In der Erinnerung an das Haus mit den grünen Fensterläden, dem Glücksversprechen seiner ersten Frau, hatte sich Maugin bei seinem Manager in einem unkontrollierten Moment zu der Formulierung »Die grünen Fensterläden haben mir wehgetan!« hinreißen lassen. Eine Äußerung, die der Angesprochene überhaupt nicht verstand. Maugin, der das Divatum und die Unrast von seiner inzwischen verstorbenen ersten Frau übernommen zu haben scheint, erkennt, dass es für ihn dieses Haus nie geben wird. Gegen Ende wird lakonisch festgestellt, dass die Villa in Antibes blaue Fensterläden hat. Aber hier lebte er nicht alleine sondern mit seiner Frau und dem kleinen Kind und den Angestellten, die er einerseits brauchte, andererseits aber auch eine (nicht nur finanzielle) Belastung für ihn darstellten, weil er vor ihnen die Rolle des »großen Maugin« spielen musste.

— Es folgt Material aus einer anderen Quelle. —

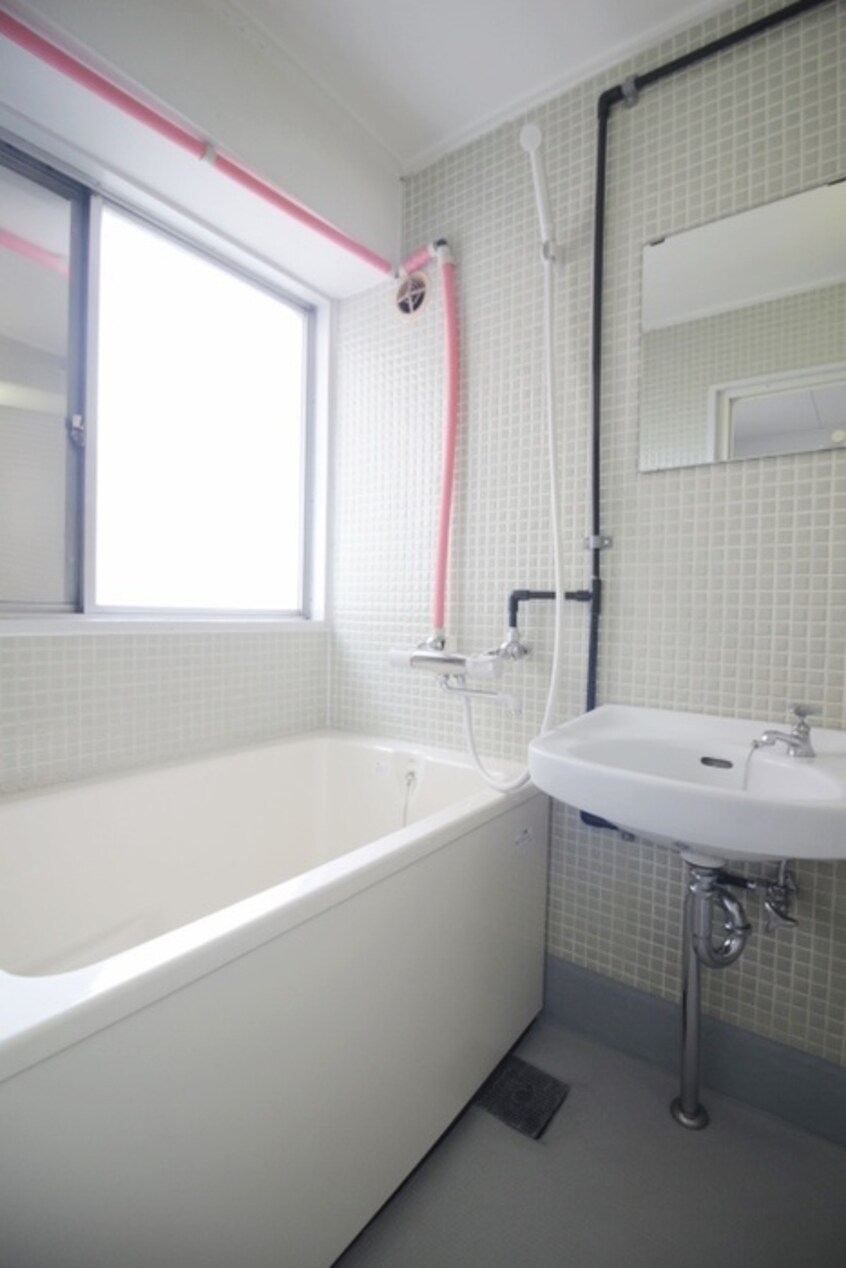 バス／シャワールーム等 カヤノビル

Matz stellt Die grünen Fensterläden in eine Reihe mit Simenons zehn Jahre zuvor geschriebenen Roman Die Wahrheit über Bébé Donge und Die Glocken von Bicêtre (zwölf Jahre nach den Fensterläden). Sie seien Texte einer »fast obsessionell wiederkehrende[n] Grundsituation« Simenons, nämlich der Bilanz eines Lebens. In Wirklichkeit gehe es hier nicht um irgendeinen Schauspieler, sondern von einem »Mann am Nullpunkt, vor dem schwarzen Loch, dem Abgrund, gezwungen, die Rechnung seines Lebens aufzumachen«. Und dieser Mann, »das ist Simenon.« Die Deutung wird schlüssig ausgebreitet, aber sie führt den Leser in Versuchung, nach autobiografischen Gemeinsamkeiten zwischen Autor und Figur Ausschau zu halten. Diese Suche lenkt dann davon ab, das der Leser bei oder nach der Lektüre seine eigene Bilanz aufstellt. Aber vielleicht will man das auch gar nicht so genau wissen.